An diesem Punkt muss ich kurz etwas klarstellen. Meine Eltern sind früher viel umgezogen. Ich wuchs mal hier, mal da auf. Was Heimatgefühle angeht, bin ich von daher nicht so festgelegt. Doch all die wechselnden Landschaften meiner Kindheit hatten eines gemeinsam: Sie lagen am Wasser und waren flach. Berge kannte ich im Grunde nur von der Durchreise - auf dem Weg nach Italien in die Sommerferien. Berge, das waren die Sichtbehinderungen, die am Straßenrand aufragten und mitunter von endlosen Tunneln durchbohrt wurden. Schon als Kind dachte ich bei einem Berg als Erstes an die Länge des Tunnels. Und das Erraten von Tunnellängen ist mir noch heute als Beifahrer ein lieb gewordener Zeitvertreib. Mit anderen Worten: Ich fühlte mich nicht gerade berufen, die Geschichte eines Schweizer Bergdorfes zu erzählen. Doch es sprang immerhin eine Reise für mich heraus. Also sagte ich ja.
Basel Die Idee war, zunächst eine kleine gemeinsame Expedition zu machen, sozusagen in der Hoffnung, dass der Berg zu uns spricht. Der Regisseur würde mit mir in ein paar abgelegene Dörfer fahren, um mögliche Schauplätze zu besichtigen. Der Rest wäre Schreiben. Das konnte doch nicht so schwer sein.
Trotzdem war mir etwas mulmig, als ich in Hamburg in den Zug stieg. Geplant war, dass ich erst einmal bis Basel fahre und dort übernachte. Am nächsten Morgen würde ich dann weiterreisen nach Brugg, um dort den Bergregisseur zu treffen. Man müsse früh aufbrechen, meinte er, denn in den Tälern werde es schnell dunkel. Ach, dachte ich und begriff dann, wegen der Berge natürlich!

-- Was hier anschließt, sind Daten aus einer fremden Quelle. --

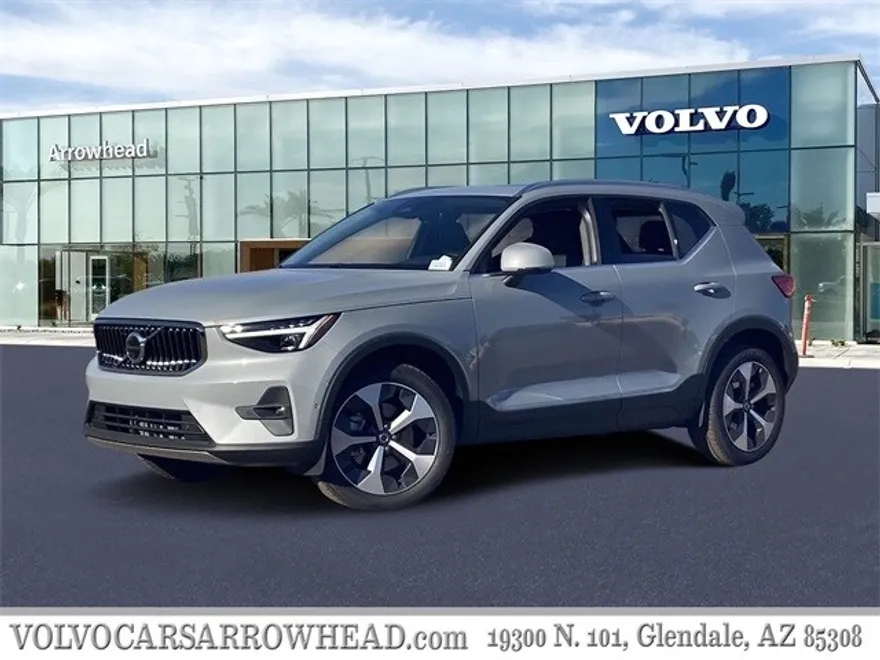2025 Volvo XC40 Plus photo 1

Der Zwischenstopp in Basel tat gut. Auf diese Weise konnte ich mich mental schon einmal auf die Berge vorbereiten. Die fangen zwar erst hinter Basel an, aber auch in Basel selbst geht es, wie ein berühmter Dichter schrieb, ein bisschen rauf, ein bisschen runter - was im Vergleich zu Hamburg einem Schweizer Bergdorf schon näher kam.

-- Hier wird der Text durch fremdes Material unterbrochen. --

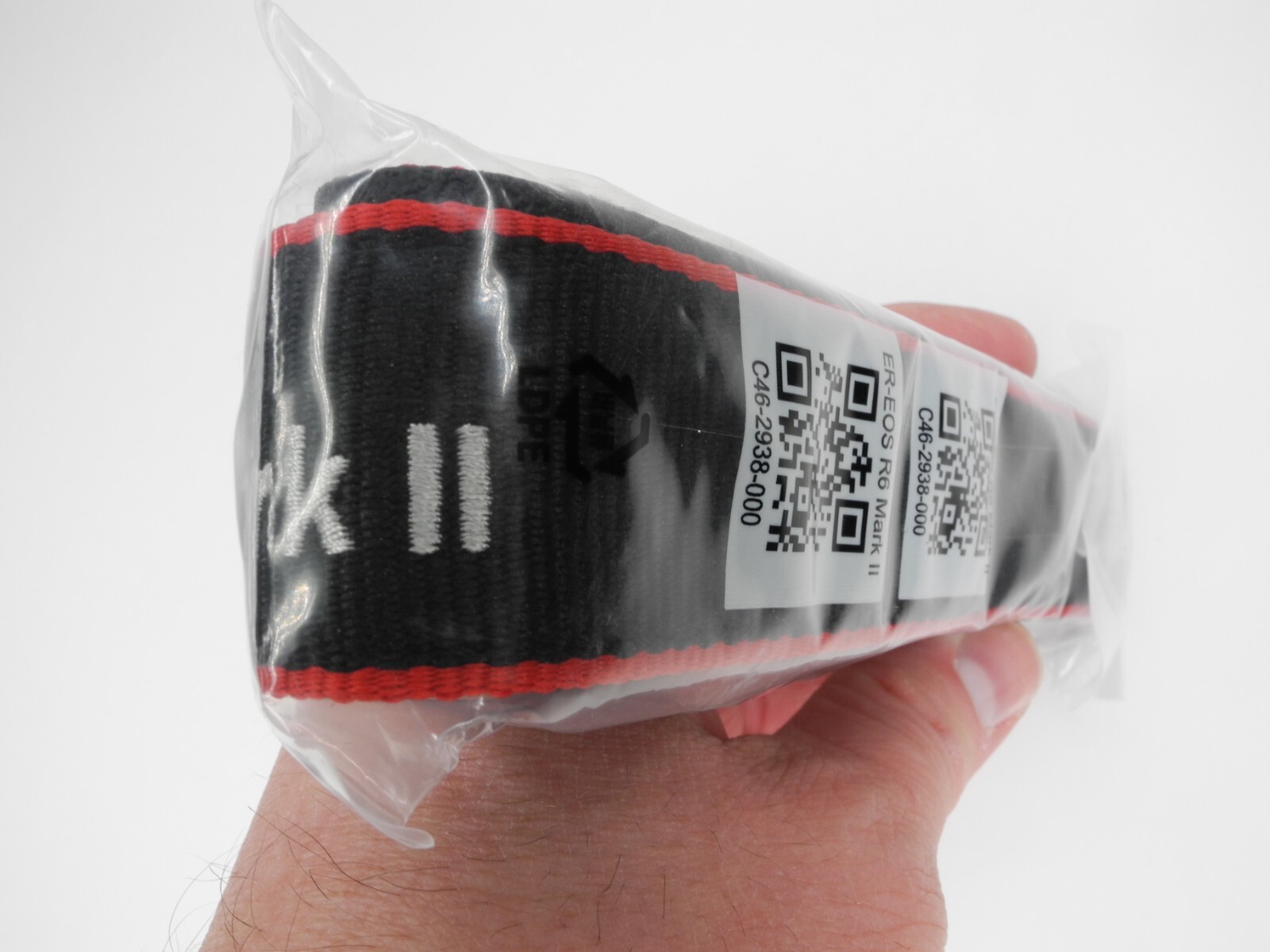 NEW Canon EOS R6 Mark II Genuine Camera Neck Strap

Und außerdem war da der Rhein, an dem ich mich immer zu Hause gefühlt habe. Graugrün und mächtig teilt er die Stadt. Allerlei Wirbel und Quirle spielen auf seiner dämmernden Oberfläche, so als wäre er hier noch gar nicht ein einziger Fluss wie später bei Karlsruhe oder Köln, sondern das Zusammenströmen vieler verschiedener Gewässer: von Bächen, Flüssen und dem Schmelzwasser aus den Bergen, das nach Schnee roch.
Auf meinem späten Spaziergang in Basel am Rhein hatte ich zum ersten Mal das Gefühl, dem Glück auf der Spur zu sein. Es war ein seltsames Wiedersehen mit dem Fluss, weil ich versuchte, in seiner Unruhe immerzu etwas von der Berglandschaft zu erkennen, die mir bevorstand. Und gleichzeitig bewegte das dahingleitende Wasser so viele Erinnerungen an Schwimmausflüge, Brückensprünge und das Treibenlassen in dem schnellgängigen Strom.
Windisch Ich schwor mir strikte Wasserabstinenz, als ich am nächsten Morgen in Brugg aus dem Zug stieg. Der Bergspezialist unter den Filmemachern holte mich ab, und ich schaffte es, nicht vom Rhein zu reden, als er mich fragte, wie meine Reise gewesen sei. Stattdessen ließ ich, sooft es ging, das Wort "Berg" fallen und versuchte, dabei nicht an Tunnellängen zu denken.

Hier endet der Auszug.